Evaluating Privacy Leakage in Split Learning
Xinchi Qiu, Ilias Leontiadis, Luca Melis, Alex Sablayrolles, Pierre Stock
TL;DR
The paper investigates privacy leakage in Split Learning by developing an exhaustive gradient-based attack (EXACT) that reconstructs private client features and labels from cut-layer gradients, activations, and server-side information. Across three tabular datasets, EXACT reveals strong leakage in unmitigated SL/FSL, including near-perfect label reconstruction and high-fidelity private-feature recovery. The authors demonstrate that small amounts of differential privacy, applied to the cut-layer gradients (e.g., DP-SGD with light noise) can substantially mitigate leakage with only minor degradations in model performance, while Label DP offers limited protection for private features. These findings highlight the practical privacy risks in SL and provide concrete mitigation guidance for deploying on-device learning with split architectures in privacy-conscious applications.
Abstract
Privacy-Preserving machine learning (PPML) can help us train and deploy models that utilize private information.

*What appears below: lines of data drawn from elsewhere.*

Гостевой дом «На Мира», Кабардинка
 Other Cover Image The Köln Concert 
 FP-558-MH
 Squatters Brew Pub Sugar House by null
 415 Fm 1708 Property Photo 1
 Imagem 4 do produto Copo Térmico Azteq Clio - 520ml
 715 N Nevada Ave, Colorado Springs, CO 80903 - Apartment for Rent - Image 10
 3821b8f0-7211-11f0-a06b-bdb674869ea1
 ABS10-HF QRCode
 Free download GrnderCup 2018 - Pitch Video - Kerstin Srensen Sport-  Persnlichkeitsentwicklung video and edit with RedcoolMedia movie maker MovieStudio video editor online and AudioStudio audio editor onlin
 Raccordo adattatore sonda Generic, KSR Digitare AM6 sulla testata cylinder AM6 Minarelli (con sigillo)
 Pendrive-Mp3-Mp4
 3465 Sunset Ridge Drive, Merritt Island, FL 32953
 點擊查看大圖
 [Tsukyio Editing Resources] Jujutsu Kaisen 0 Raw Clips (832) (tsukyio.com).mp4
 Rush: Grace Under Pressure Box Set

In particular, on-device machine learning allows us to avoid sharing raw data with a third-party server during inference. On-device models are typically less accurate when compared to their server counterparts due to the fact that (1) they typically only rely on a small set of on-device features and (2) they need to be small enough to run efficiently on end-user devices. Split Learning (SL) is a promising approach that can overcome these limitations. In SL, a large machine learning model is divided into two parts, with the bigger part residing on the server side and a smaller part executing on-device, aiming to incorporate the private features. However, end-to-end training of such models requires exchanging gradients at the cut layer, which might encode private features or labels. In this paper, we provide insights into potential privacy risks associated with SL. Furthermore, we also investigate the effectiveness of various mitigation strategies. Our results indicate that the gradients significantly improve the attackers' effectiveness in all tested datasets reaching almost perfect reconstruction accuracy for some features. However, a small amount of differential privacy (DP) can effectively mitigate this risk without causing significant training degradation.